[INPUT RECORDS]

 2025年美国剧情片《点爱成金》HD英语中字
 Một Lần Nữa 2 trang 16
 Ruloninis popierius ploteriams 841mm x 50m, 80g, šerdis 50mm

[/INPUT RECORDS]
[INPUT RECORDS]

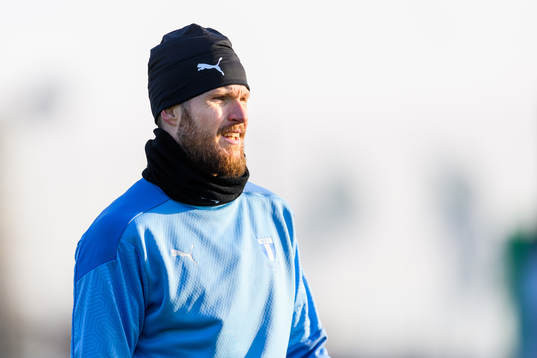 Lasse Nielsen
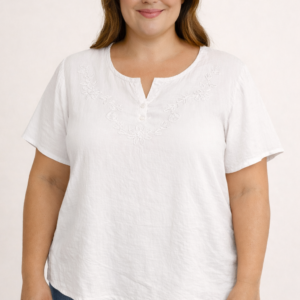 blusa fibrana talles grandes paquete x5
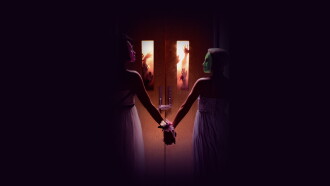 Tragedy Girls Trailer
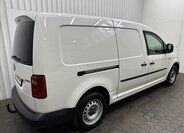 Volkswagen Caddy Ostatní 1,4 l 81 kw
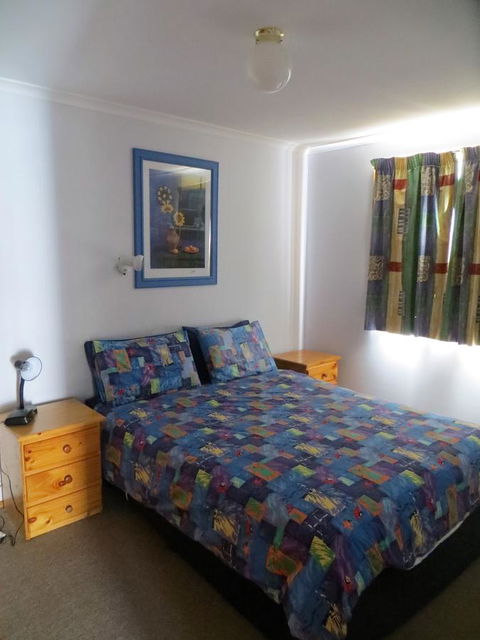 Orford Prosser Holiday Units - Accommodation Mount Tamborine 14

[/INPUT RECORDS]

WHAT TO WORK ON |
Would you please reproduce the entries above, starting at the line with "blusa fibrana talles grandes paquete x5" and stopping after the line with "Orford Prosser Holiday"? Omit any pictures.

RESULT BELOW |
 blusa fibrana talles grandes paquete x5
 Tragedy Girls Trailer
 Volkswagen Caddy Ostatní 1,4 l 81 kw
 Orford Prosser Holiday Units - Accommodation Mount Tamborine 14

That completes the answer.